There is Hope for Blockchain Regulation, Thanks to General Georges Doriot
Fred Wilson posted the other day on his blog about General Georges Doriot, reminding us that Doriot was credited to be the “father of modern venture capital”.
Georges Doriot’s story is told in the book Creative Capital: Georges Doriot and the Birth of Venture Capital, published in 2008 and written by Spencer Ante.
I was struck by the similarities between what happened in the 1940’s and what is happening now with cryptocurrency, relating to breaking the regulatory mold in order to allow something new to flourish.
Following World War II, Doriot founded the world’s first public venture capital firm, American Research and Development Corporation (ARDC).
Consider this:
“The idea of venture capital was so new that the founders of ARDC were forced to reengineer aspects of various financial regulatory structures in order to make it viable. Before ARDC could offer its stock, for instance, it had to obtain a number of exemptions under the Investment Company Act of 1940 from the Securities and Exchange Commission.” [source]

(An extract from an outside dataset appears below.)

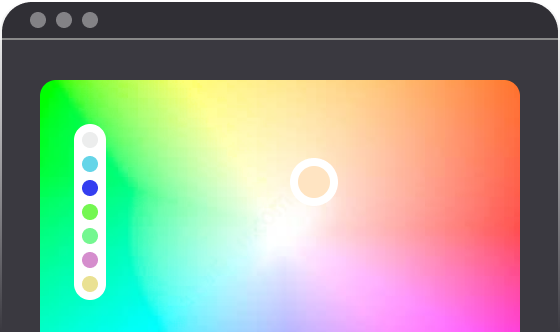 Extension tile preview for page color picker tools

This is almost exactly where we are with cryptocurrency tokens and funds. The industry is begging for a re-write and a reengineering of the financial regulatory structures of yesteryears.

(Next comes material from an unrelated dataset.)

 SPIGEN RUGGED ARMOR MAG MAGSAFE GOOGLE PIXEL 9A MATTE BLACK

This gives hope to the current array of activities that have spurred around cryptocurrencies, and the tectonic shifts that ICOs and cryptocurrency-based token models are begging for.
Back in the day, stocks were considered a new asset class, just as cryptocurrencies are today, as we are calling them “new asset classes”.
The current asset classes include stocks, bonds, and cash as “traditional assets”. Alternative assets include commodities, REITs, collectibles, insurance products, derivatives, foreign currency, venture capital, private equity and distressed securities.
It is worthy to note that the alternative classes have varying degrees of compliance requirements: from being regulated to non-regulated.
Maybe, regulators could stop scratching their heads and treat cryptocurrencies simply as a new alternative asset class, and we’ll be done with the debate. There is a precedent to that evolution, citing Doriot’s work.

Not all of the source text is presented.